Please reproduce exactly, and only, the line containing "A close-up shot" and every line after it to the end of the records below, leaving out all pictures.

□ □ □ □ □

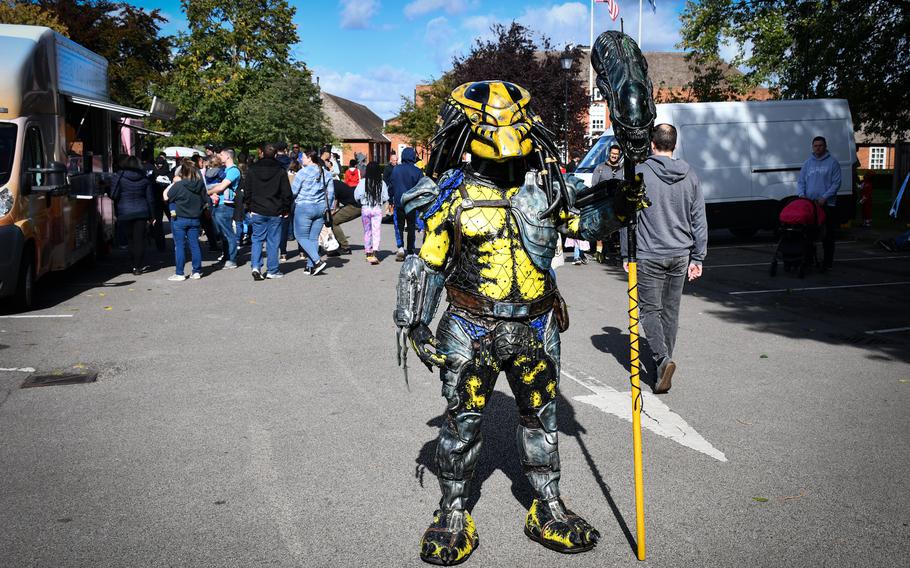 A costumed fan of the Predator movie franchise stands for photos at Mil-D-Con at RAF Mildenhall, England, on Oct. 1, 2022.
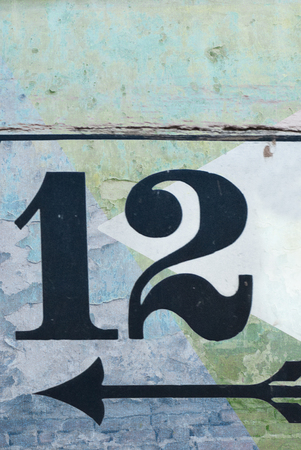 Vintage Number Twelve and arrow on textured backgroundの写真素材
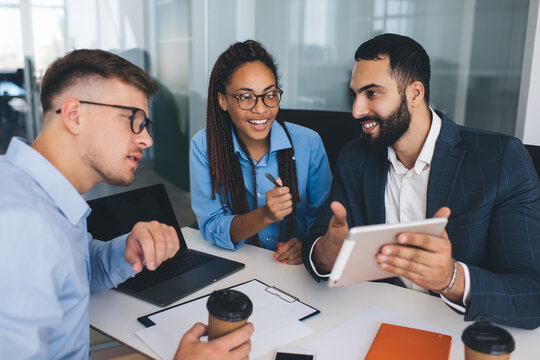 Smiling male and female experts browsing financial marketing information on exchange website using digital tablet in office interior, cheerful professionals enjoying brainstorming collaboration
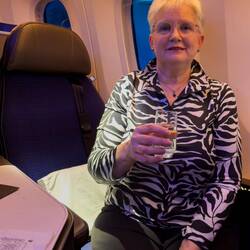 Toasting the start of our flight with a glass of bubbly @ DEN — Denver, Colorado.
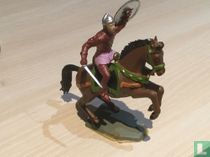 Cavalier avec bouclier en l'air et épée 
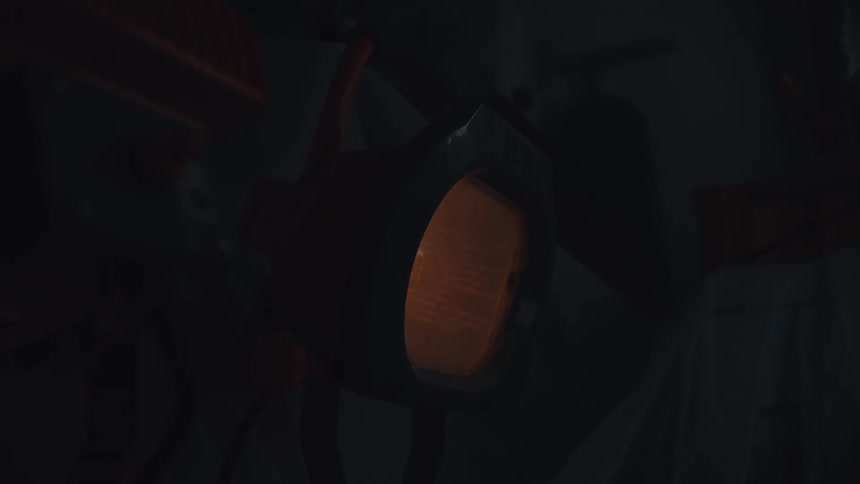A close-up shot of a bright orange industrial work light slowly fading to black in a workshop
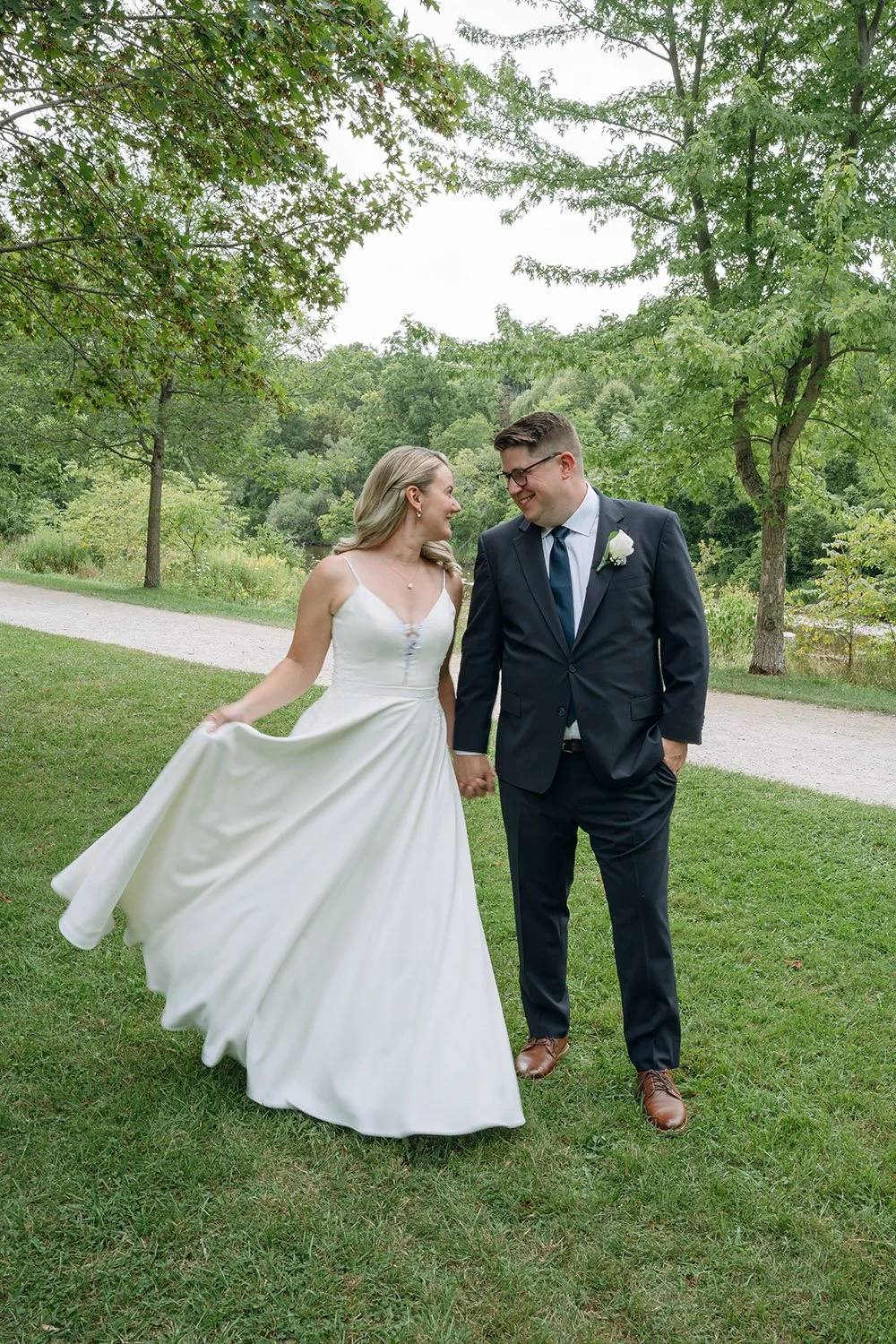 Bride and groom portraits in a Toronto park with bride swinging her wedding dress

□ □ □ □ □

### Solution to this problem
A close-up shot of a bright orange industrial work light slowly fading to black in a workshop
 Bride and groom portraits in a Toronto park with bride swinging her wedding dress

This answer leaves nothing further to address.